Working from the entries that follow, transcribe exactly and only the lines from the one with "pitturato su giulia" through the last, pictures excluded.

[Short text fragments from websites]
# # # #
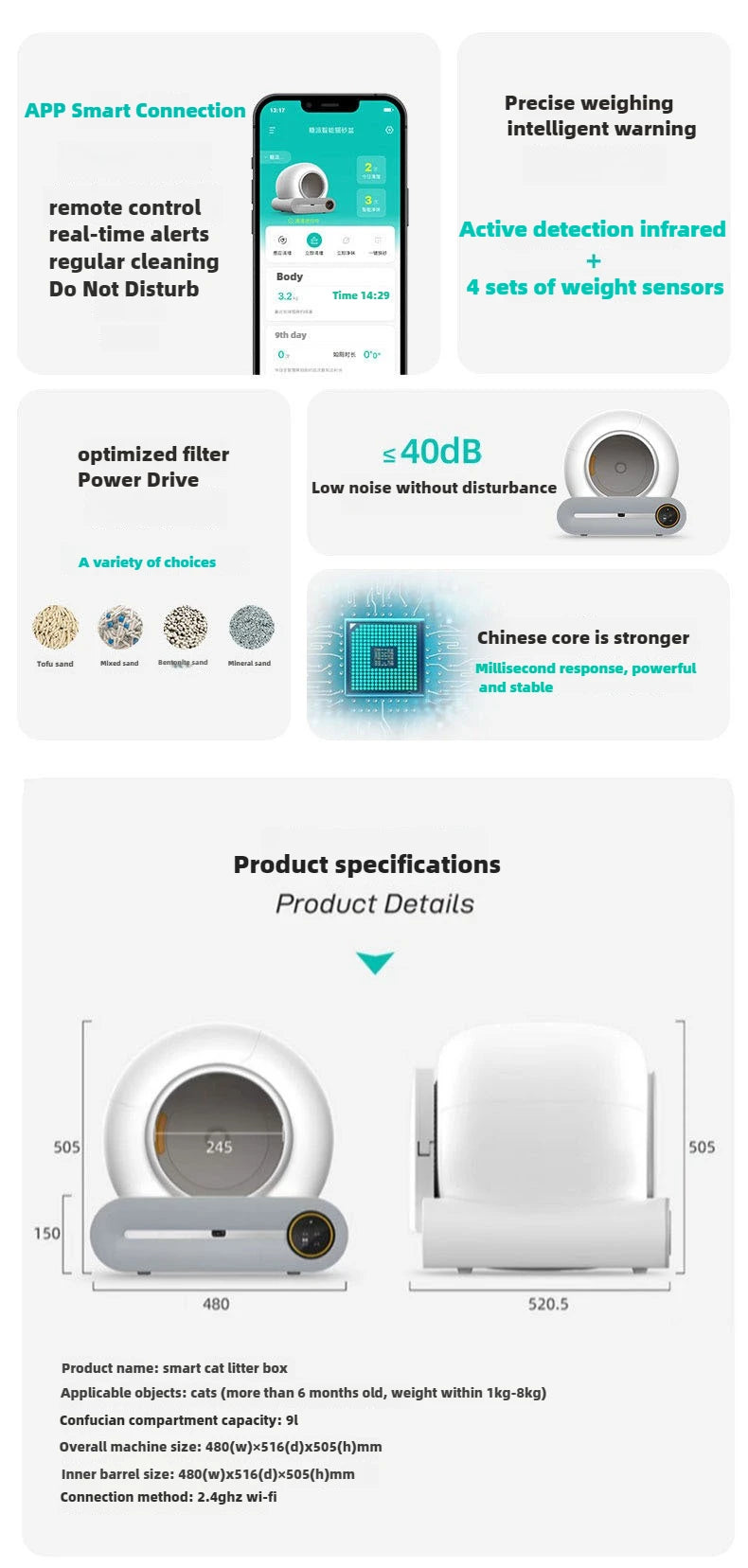Smart Cat Litter Box for Pets Automatic Cleaning Electric Large Deodorizing Cat Toilet Fully Enclosed Automatic Cat Litter Box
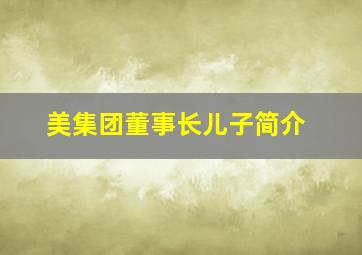 美集团董事长儿子简介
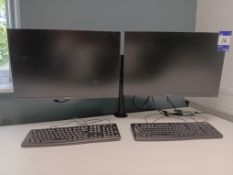 Twin Arm Desk Monitor Mount with 2 x Hannspree 24” Monitors
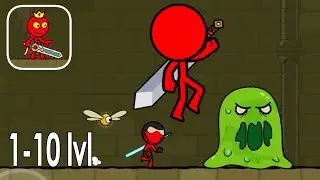 Red Stickman Gameplay Walkthrough 1-10 LVL (iOS)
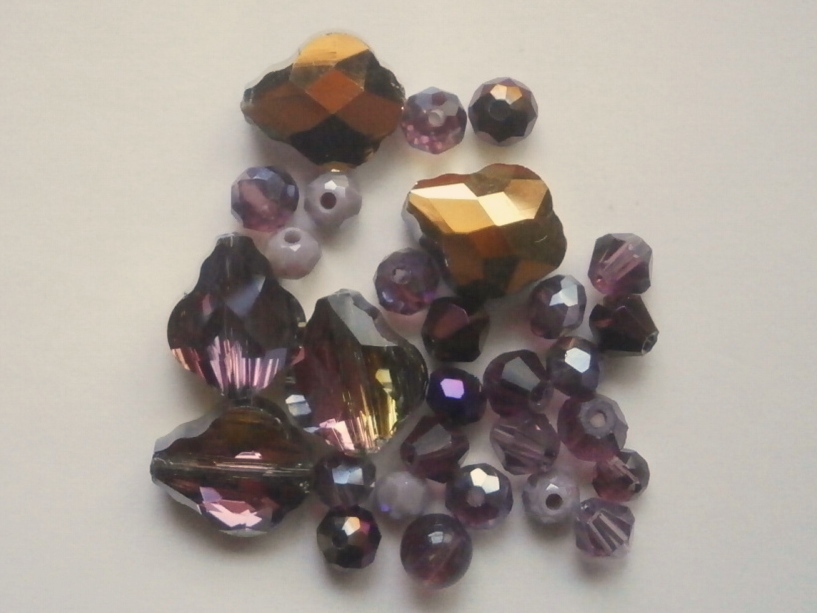 ガラスビーズ★ドロップ★パープル系★D拍卖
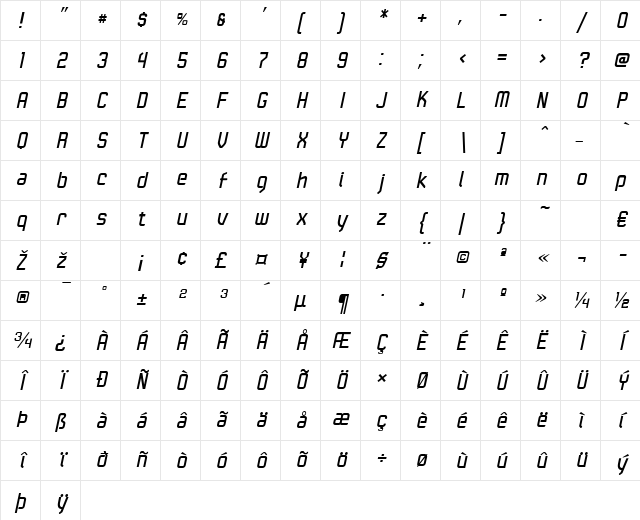 LTKaliber Italic Character Map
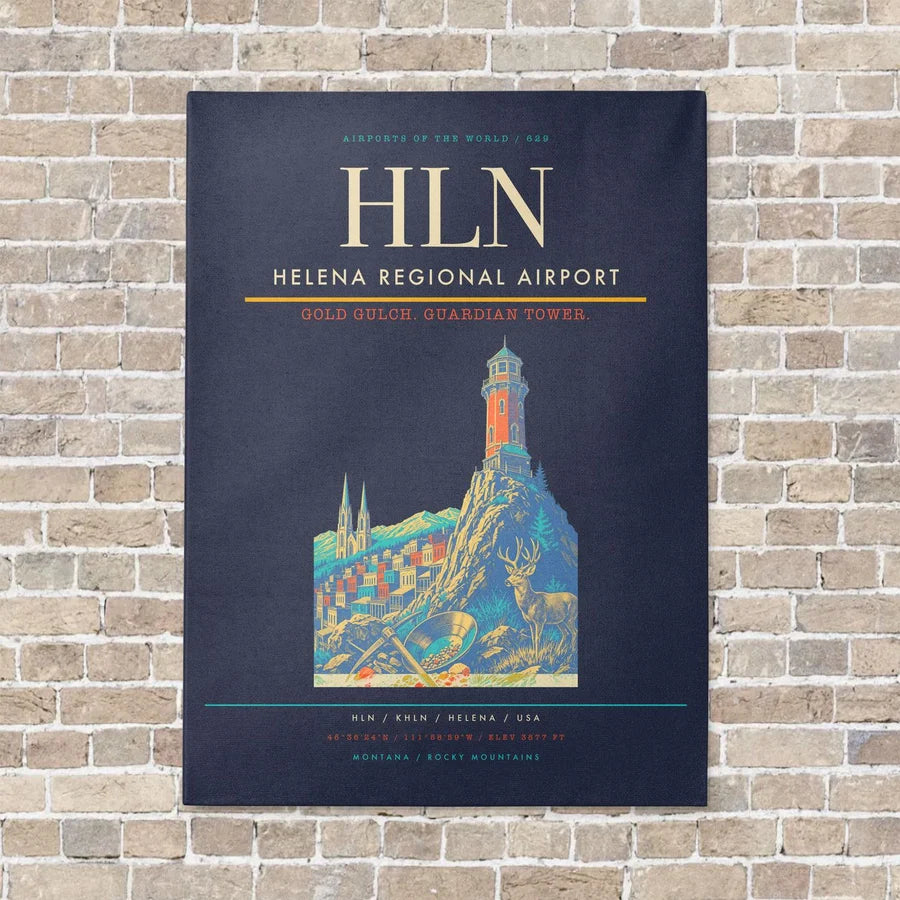 Helena Regional Airport HLN vertical canvas print - no frame - navy blue background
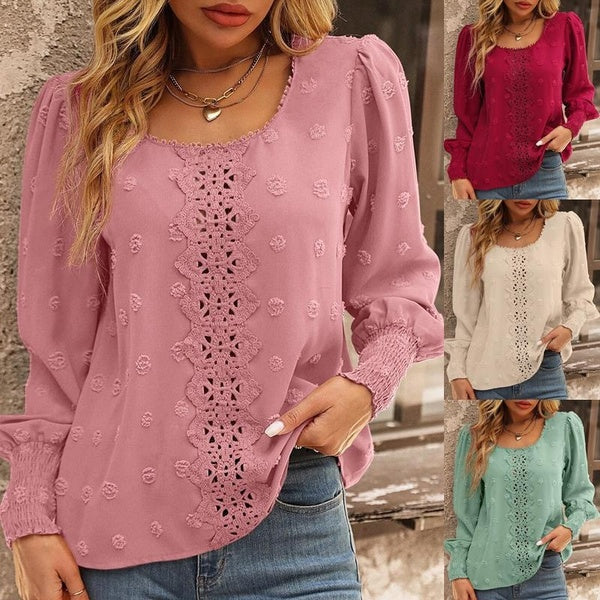 Women's Fashion Round Neck Long-sleeved Blouses Ladies Bubble Sleeves Hollow Out T-shirts Cute Loose Shirts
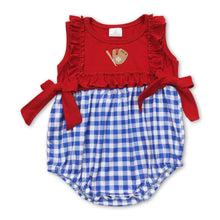 Load image into Gallery viewer, Ruffle red baseball blue plaid baby girls romper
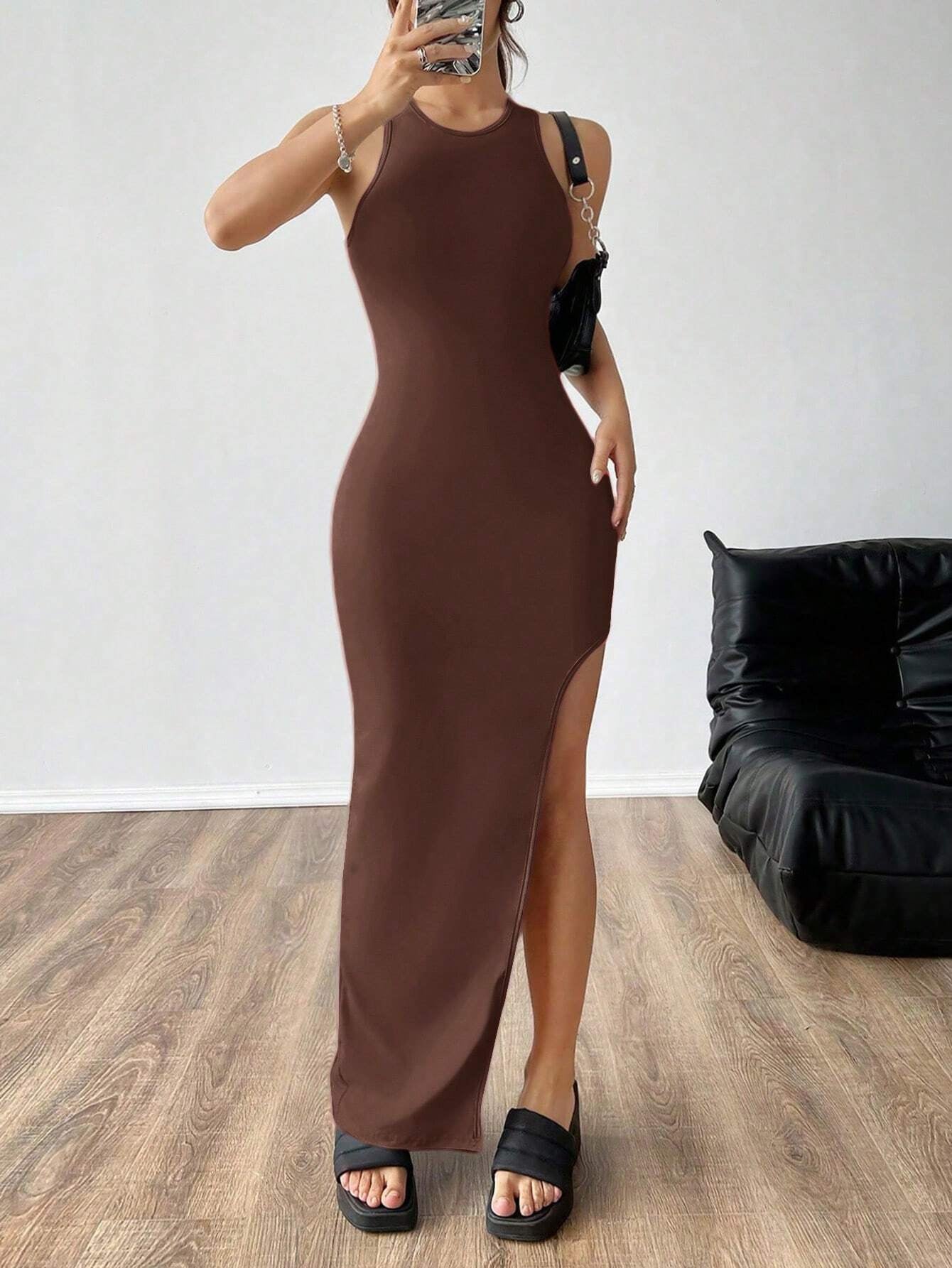 SHEIN Ezwear High Slit Open Back Dress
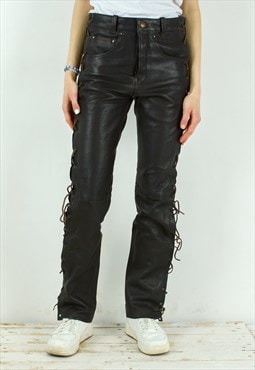 Tapered Black Leather Pants Tapered Lace Up Trousers Biker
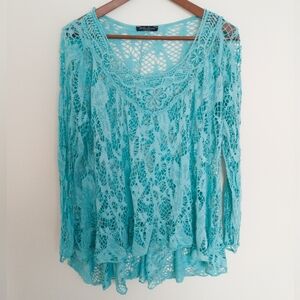 Bella Amore Teal Crochet Top Made In Italy Beach Cover Up Fishnet One Size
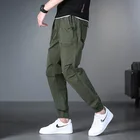 Джоггеры 2022, брюки-карго, мужские повседневные армейские зеленые брюки в стиле хип-хоп с карманами, мужские спортивные брюки, уличная одежда, военные брюки в стиле Харадзюку с лентами
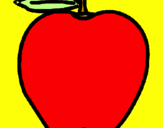 Disegno mela  pitturato su giulia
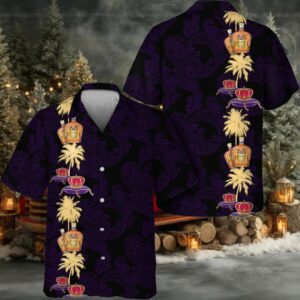 Crown Royal Coconut Tree Pattern Hawaiian Shirt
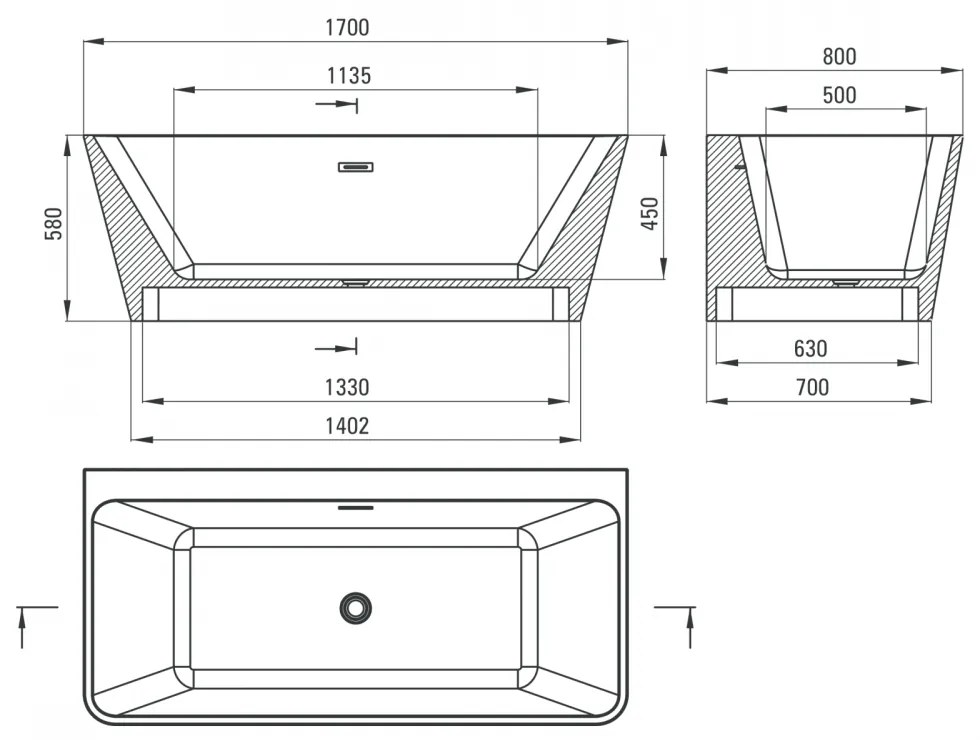 Cada baie freestanding dreptunghiulara lipita de perete 170 x 80 cm, Hiacynt, Deante 1700x800 mm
# # # #
* [Problem solution]
 Disegno mela  pitturato su giulia
 Crown Royal Coconut Tree Pattern Hawaiian Shirt
 Cada baie freestanding dreptunghiulara lipita de perete 170 x 80 cm, Hiacynt, Deante 1700x800 mm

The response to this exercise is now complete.